Parallels Access: sfrutta il tuo iPad come se stessi lavorando su Mac o Pc

29 agosto 2013

Parallels Access: sfrutta il tuo iPad come se stessi lavorando su Mac o Pc

 

 

La nuova app per iPad by Parallels consente di trasportare le app presenti sul proprio Mac o Desktop/Notebook Windows sul proprio iPad. Quali possibilità e novità introduce?

 

 

Parallels Access Launch Pad on a Mac with App SwitcherLa casa Parallels è nota per l’apprezzata Parallels Desktop per Mac, un’app che permetteva di far girare i programmi Windows su piattaforma Mac. Il suo ultimo prodotto funziona in modo piuttosto simile e consentirà di far girare i software installati su un Mac o un Pc anche su iPad come se fossero app native; in pratica potremo utilizzare un programma di Microsoft Office piuttosto che un software di grafica anche su tablet.

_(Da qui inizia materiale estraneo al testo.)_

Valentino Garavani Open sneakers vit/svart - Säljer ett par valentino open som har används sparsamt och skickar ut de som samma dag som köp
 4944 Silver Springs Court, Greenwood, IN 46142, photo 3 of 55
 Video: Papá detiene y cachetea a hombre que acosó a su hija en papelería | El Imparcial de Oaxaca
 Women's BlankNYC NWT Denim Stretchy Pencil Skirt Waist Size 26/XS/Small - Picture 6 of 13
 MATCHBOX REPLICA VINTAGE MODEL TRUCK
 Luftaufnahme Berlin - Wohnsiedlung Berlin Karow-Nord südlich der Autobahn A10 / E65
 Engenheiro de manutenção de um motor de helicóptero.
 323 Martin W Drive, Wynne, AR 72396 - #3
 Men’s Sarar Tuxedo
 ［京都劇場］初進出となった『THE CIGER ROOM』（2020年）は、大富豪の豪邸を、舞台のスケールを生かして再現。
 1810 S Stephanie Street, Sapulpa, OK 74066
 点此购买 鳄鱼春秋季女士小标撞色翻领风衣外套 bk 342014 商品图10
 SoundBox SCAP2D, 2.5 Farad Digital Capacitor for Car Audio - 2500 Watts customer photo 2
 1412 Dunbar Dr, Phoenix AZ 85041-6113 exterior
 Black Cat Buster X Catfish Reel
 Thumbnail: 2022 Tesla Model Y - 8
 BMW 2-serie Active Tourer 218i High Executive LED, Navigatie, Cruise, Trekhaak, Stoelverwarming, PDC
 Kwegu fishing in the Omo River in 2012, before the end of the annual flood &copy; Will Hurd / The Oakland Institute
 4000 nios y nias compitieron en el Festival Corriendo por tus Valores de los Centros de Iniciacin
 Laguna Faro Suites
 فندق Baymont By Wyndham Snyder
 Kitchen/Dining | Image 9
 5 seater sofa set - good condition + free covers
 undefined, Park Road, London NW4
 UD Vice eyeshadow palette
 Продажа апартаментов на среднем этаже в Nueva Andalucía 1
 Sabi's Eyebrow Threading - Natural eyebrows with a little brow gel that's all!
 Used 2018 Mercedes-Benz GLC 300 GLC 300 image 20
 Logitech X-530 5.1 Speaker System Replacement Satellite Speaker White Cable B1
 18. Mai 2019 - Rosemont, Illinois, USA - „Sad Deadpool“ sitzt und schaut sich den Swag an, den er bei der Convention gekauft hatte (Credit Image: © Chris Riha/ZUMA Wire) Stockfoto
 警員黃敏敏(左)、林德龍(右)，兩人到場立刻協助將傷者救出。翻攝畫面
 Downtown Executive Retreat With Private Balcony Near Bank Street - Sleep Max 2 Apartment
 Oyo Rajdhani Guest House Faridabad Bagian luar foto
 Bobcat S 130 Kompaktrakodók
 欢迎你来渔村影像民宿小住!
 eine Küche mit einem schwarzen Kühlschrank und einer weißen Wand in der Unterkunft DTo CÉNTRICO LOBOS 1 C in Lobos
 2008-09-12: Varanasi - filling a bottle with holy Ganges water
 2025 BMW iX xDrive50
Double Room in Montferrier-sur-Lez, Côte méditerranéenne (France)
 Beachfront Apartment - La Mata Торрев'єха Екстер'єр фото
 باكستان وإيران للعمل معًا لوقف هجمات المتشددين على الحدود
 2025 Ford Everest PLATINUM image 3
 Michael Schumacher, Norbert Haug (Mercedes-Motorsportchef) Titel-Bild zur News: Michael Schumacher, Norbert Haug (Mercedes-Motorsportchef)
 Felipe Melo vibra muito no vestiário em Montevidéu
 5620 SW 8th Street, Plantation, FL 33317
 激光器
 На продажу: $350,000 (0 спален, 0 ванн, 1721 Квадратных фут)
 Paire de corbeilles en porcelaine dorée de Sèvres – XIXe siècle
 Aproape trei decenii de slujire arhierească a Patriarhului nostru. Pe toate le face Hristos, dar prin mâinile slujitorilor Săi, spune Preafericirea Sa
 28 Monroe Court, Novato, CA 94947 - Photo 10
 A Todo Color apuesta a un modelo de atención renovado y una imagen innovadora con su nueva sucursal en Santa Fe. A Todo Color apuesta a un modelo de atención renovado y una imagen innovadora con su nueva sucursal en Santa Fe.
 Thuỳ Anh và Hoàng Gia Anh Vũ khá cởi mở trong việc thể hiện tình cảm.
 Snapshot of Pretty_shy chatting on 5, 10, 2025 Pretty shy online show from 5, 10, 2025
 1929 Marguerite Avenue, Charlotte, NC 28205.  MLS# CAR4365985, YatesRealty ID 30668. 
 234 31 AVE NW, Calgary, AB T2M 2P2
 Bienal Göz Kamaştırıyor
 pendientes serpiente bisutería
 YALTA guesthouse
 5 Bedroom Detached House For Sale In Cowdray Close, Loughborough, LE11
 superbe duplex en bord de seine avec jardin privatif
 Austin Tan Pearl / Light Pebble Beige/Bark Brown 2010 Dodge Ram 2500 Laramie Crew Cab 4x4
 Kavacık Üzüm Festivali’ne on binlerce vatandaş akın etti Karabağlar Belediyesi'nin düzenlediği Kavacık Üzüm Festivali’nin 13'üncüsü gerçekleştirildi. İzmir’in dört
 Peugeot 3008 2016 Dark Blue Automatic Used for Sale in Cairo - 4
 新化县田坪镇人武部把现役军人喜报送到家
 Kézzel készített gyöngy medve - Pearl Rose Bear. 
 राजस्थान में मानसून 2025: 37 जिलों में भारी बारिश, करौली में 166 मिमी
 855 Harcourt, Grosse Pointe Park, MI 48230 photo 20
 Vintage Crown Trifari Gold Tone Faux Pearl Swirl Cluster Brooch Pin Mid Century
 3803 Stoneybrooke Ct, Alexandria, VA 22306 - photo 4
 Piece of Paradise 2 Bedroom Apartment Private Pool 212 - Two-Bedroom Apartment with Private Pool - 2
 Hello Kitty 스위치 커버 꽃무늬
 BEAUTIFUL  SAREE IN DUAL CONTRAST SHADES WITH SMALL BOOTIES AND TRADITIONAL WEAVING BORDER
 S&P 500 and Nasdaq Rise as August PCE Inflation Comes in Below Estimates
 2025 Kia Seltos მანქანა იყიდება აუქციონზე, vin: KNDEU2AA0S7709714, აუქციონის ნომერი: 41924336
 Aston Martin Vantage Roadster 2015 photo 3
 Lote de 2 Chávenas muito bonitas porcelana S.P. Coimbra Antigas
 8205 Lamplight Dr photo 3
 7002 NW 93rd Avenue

Resta da vedere quali siano i reali vantaggi e quanto in realtà possa essere sfruttato un programma, ad esempio di fotoritocco, senza tastiera fisica e mouse.

La Software House aveva, in precedenza, già tentato di lanciare un prodotto adatto ai dispositivi mobili (Parallels Mobile) che però è attualmente in disuso; il progetto era stato ideato per rispondere all’esigenza di tante persone che progressivamente utilizzano sempre con maggiore frequenza un tablet o uno smartphone per portare a termine alcuni lavori o incombenze in mobilità, una volta spento il proprio desktop.  Come giustamente ribadito da Birger Steen, CEO di Parallels: “We are now in an always-on age where people are increasingly demanding access to their applications and data regardless of physical location,”. Prosegue evidenziando i vantaggi che l’utilizzo della nuova app porterà ai suoi abbonati: “With Parallels Access, you can tap, swipe and pinch your way around Mac and Windows applications to ultimately be more productive at work, and lead a more connected life.”

Uno degli aspetti rilevanti di quest’app è che non ci troviamo di fronte, come era avvenuto per precedenti tentativi, ad un semplice “passaggio di finestra” da un dispositivo all’altro, bensì ad un riadattamento funzionale (ad esempio comando copia-e-incolla per editor di testo) e grafico (ridimensionamento per lo schermo) del software in questione per iPad al fine di garantire la migliore user experience. Viene, in questo senso, presentata da Parallels una iPad-tailoring applification.

Sicuramente l’app ottimizza i tempi di lavoro di un power user di iPad tuttavia, per quanto siano apprezzabili i tentativi di rendere quanto più impercettibile il passaggio da un dispositivo all’altro, l’esperienza  anche se intuitiva non è così fluida come in un’app nativa e per alcuni Software si sente la mancanza di mouse e tastiera.

L’app è disponibile in versione free su App Store ma per usufruire del servizio è necessario il versamento di un canone annuo pari a poco meno di 80 Dollari. Una volta effettuato l’accesso, per rendere effettivo l’utilizzo, bisogna installare un agent sul Desktop e mantenerlo in costante connessione ad Internet.

In conclusione Parallels Access è destinato ad utenti molto targetizzati e sicuramente non è adatto a tutti, né a rispondere a tutte le esigenze;  ha delle ottime potenzialità da sfruttare e per scoprire se fa al caso vostro (prima di sborsare 80 $ l’anno) è consigliabile accedere al free trial di 14 giorni messo a disposizione.